-- PROVIDED RECORDS follows --
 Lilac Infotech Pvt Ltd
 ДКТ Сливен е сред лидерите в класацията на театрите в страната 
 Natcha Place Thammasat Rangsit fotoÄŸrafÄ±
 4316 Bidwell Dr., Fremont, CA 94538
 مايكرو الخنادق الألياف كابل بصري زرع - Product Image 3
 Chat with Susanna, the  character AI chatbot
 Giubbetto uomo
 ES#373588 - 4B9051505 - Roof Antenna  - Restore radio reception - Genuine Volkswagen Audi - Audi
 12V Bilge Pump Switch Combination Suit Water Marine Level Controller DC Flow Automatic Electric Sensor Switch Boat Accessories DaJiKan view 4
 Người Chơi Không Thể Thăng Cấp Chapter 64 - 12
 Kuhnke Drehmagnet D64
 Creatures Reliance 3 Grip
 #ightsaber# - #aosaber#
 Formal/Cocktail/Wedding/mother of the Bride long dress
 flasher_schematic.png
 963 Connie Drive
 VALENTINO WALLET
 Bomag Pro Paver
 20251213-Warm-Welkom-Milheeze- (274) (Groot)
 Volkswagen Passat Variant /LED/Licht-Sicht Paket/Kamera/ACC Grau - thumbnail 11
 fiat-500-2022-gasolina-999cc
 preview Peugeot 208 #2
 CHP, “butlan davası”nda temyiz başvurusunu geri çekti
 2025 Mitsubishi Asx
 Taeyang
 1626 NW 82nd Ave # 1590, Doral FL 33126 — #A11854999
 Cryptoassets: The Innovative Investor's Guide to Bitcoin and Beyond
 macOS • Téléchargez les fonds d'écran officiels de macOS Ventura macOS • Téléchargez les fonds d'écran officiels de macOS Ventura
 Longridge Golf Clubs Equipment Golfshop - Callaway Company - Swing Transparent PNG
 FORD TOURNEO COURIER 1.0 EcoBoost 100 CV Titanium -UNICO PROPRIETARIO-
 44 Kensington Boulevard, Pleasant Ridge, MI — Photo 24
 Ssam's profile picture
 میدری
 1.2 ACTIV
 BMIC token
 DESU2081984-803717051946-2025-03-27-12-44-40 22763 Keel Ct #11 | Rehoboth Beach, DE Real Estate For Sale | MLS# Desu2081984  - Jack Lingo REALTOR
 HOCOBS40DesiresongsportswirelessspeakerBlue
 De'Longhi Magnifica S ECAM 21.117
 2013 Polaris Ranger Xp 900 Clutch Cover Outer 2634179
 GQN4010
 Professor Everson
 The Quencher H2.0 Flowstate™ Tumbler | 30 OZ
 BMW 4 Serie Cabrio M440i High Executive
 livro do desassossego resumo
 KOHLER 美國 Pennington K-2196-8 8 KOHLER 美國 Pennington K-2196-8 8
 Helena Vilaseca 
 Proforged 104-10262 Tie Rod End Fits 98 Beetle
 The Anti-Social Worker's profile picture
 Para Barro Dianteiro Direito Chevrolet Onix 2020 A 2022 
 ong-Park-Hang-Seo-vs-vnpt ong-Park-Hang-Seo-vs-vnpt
-- PROVIDED RECORDS concluded --
**WORK REQUIRED**
All of the data above should be reproduced exactly, with nothing left out.

**SOLUTION**
 Lilac Infotech Pvt Ltd
 ДКТ Сливен е сред лидерите в класацията на театрите в страната 
 Natcha Place Thammasat Rangsit fotoÄŸrafÄ±
 4316 Bidwell Dr., Fremont, CA 94538
 مايكرو الخنادق الألياف كابل بصري زرع - Product Image 3
 Chat with Susanna, the  character AI chatbot
 Giubbetto uomo
 ES#373588 - 4B9051505 - Roof Antenna  - Restore radio reception - Genuine Volkswagen Audi - Audi
 12V Bilge Pump Switch Combination Suit Water Marine Level Controller DC Flow Automatic Electric Sensor Switch Boat Accessories DaJiKan view 4
 Người Chơi Không Thể Thăng Cấp Chapter 64 - 12
 Kuhnke Drehmagnet D64
 Creatures Reliance 3 Grip
 #ightsaber# - #aosaber#
 Formal/Cocktail/Wedding/mother of the Bride long dress
 flasher_schematic.png
 963 Connie Drive
 VALENTINO WALLET
 Bomag Pro Paver
 20251213-Warm-Welkom-Milheeze- (274) (Groot)
 Volkswagen Passat Variant /LED/Licht-Sicht Paket/Kamera/ACC Grau - thumbnail 11
 fiat-500-2022-gasolina-999cc
 preview Peugeot 208 #2
 CHP, “butlan davası”nda temyiz başvurusunu geri çekti
 2025 Mitsubishi Asx
 Taeyang
 1626 NW 82nd Ave # 1590, Doral FL 33126 — #A11854999
 Cryptoassets: The Innovative Investor's Guide to Bitcoin and Beyond
 macOS • Téléchargez les fonds d'écran officiels de macOS Ventura macOS • Téléchargez les fonds d'écran officiels de macOS Ventura
 Longridge Golf Clubs Equipment Golfshop - Callaway Company - Swing Transparent PNG
 FORD TOURNEO COURIER 1.0 EcoBoost 100 CV Titanium -UNICO PROPRIETARIO-
 44 Kensington Boulevard, Pleasant Ridge, MI — Photo 24
 Ssam's profile picture
 میدری
 1.2 ACTIV
 BMIC token
 DESU2081984-803717051946-2025-03-27-12-44-40 22763 Keel Ct #11 | Rehoboth Beach, DE Real Estate For Sale | MLS# Desu2081984  - Jack Lingo REALTOR
 HOCOBS40DesiresongsportswirelessspeakerBlue
 De'Longhi Magnifica S ECAM 21.117
 2013 Polaris Ranger Xp 900 Clutch Cover Outer 2634179
 GQN4010
 Professor Everson
 The Quencher H2.0 Flowstate™ Tumbler | 30 OZ
 BMW 4 Serie Cabrio M440i High Executive
 livro do desassossego resumo
 KOHLER 美國 Pennington K-2196-8 8 KOHLER 美國 Pennington K-2196-8 8
 Helena Vilaseca 
 Proforged 104-10262 Tie Rod End Fits 98 Beetle
 The Anti-Social Worker's profile picture
 Para Barro Dianteiro Direito Chevrolet Onix 2020 A 2022 
 ong-Park-Hang-Seo-vs-vnpt ong-Park-Hang-Seo-vs-vnpt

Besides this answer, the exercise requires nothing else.